Introduction: Pulmonary arterial hypertension (PAH) is characterized by abnormal proliferation and dysfunction of pulmonary artery smooth muscle and endothelial cells (PASMC, PAEC). The WWOX/ Wwox gene encodes a tumor suppressor WW domain-containing oxidoreductase, known as WWOX. WWOX has been linked to several protein networks, highlighting its functions in cell homeostasis, survival and proliferation.

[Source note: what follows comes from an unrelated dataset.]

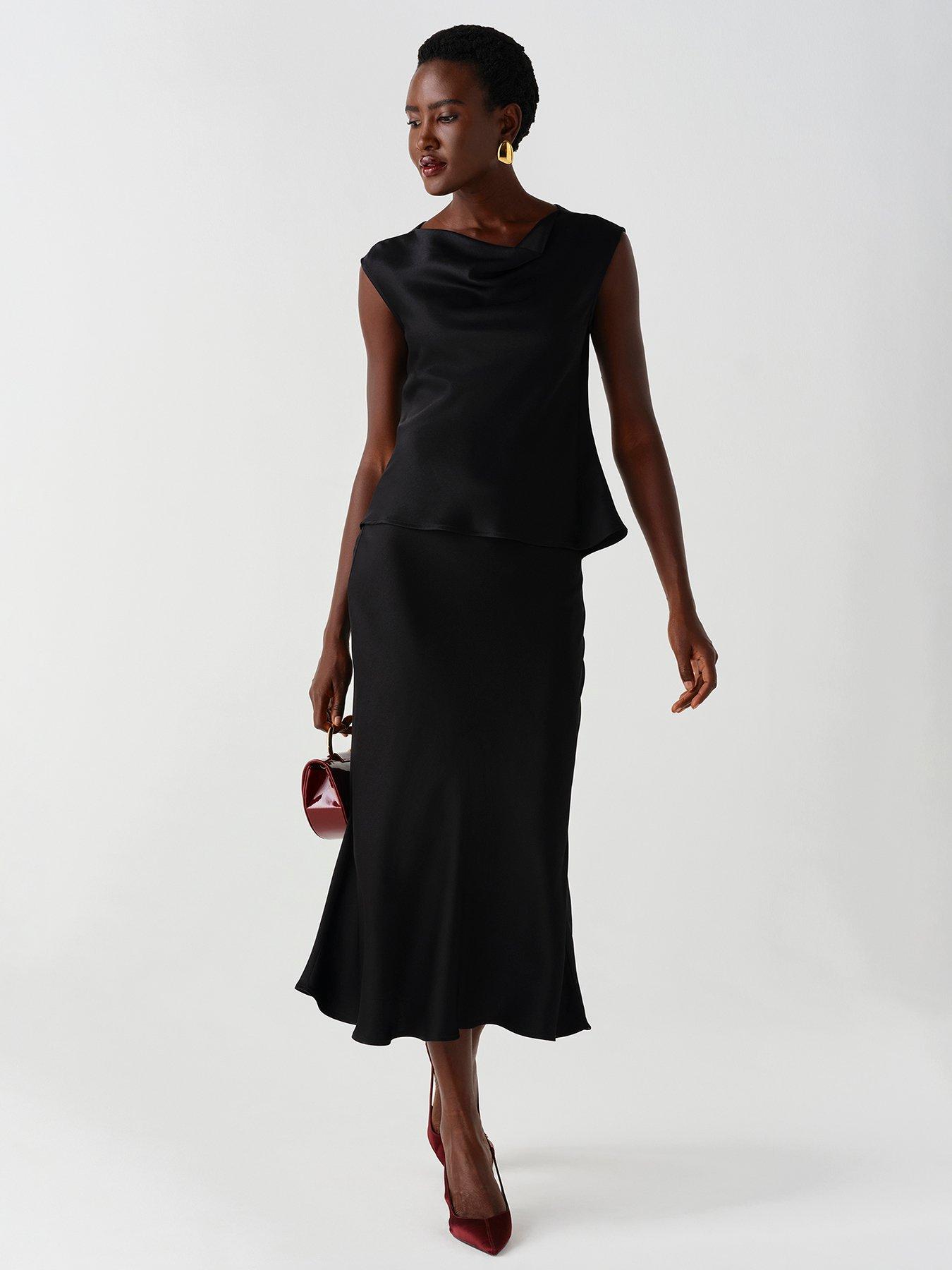 Image 3 of 7 of Ghost Black Luna Skirt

Loss of WWOX gene expression is observed in human cancer cells, as lung cancer. We hypothesize that during hypoxia, WWOX expression is modulated in PAECs, regulating cell proliferation and selecting apoptosis-resistant cells, thus causing vascular remodeling. Methods and Results: Endothelial cell specific Wwox knockout mice were developed by a conditional ablation of Wwox gene expression using the Cre -Lox site-specific recombination system. We crossed Wwox flox/flox mice with CDH5 Cre+ mice, generating Wwox floxed, CDH-Cre+ specific mice that are tamoxifen-inducible (EC- WWOX KO). EC-WWOX KO mice were treated daily with tamoxifen or vehicle for 5 days and exposed to 10% hypoxia. After four weeks of hypoxia exposure, EC-WWOX KO mice showed increased right ventricular systolic pressure (RVSP) (P=0.0003) and Fulton index (RV (LV+S)) ( P=0.049), when compared to controls, suggesting PH development. In vitro , PAECs exposure to 3% hypoxia for 6 hours showed an increase of WWOX mRNA (P=0.0154) and protein (P&lt;0.05) expression levels, decreased of cell proliferation detected by CyQUANT assay and PCNA protein expression (P=0.0024). These effects did not extend to cells exposed to 3% hypoxia for 24h. Immunoblots showed activation of apoptotic markers, such as cleaved caspase 3, PARP and Bax, suggesting that in hypoxia there is a potential controlled balance between increased WWOX expression, decreased cell proliferation and stimulation of apoptosis in these cells. Conclusion: Loss of EC WWOX expression plays a significant role in the development of PH in mice exposed to chronic hypoxia. We speculate that increased WWOX expression with acute hypoxia exposure could contribute to the selection of proliferative and pro-apoptotic PAECs, characteristic of PAH. Studies seeking to understand the mechanisms surrounding WWOX expression in PAECs are ongoing.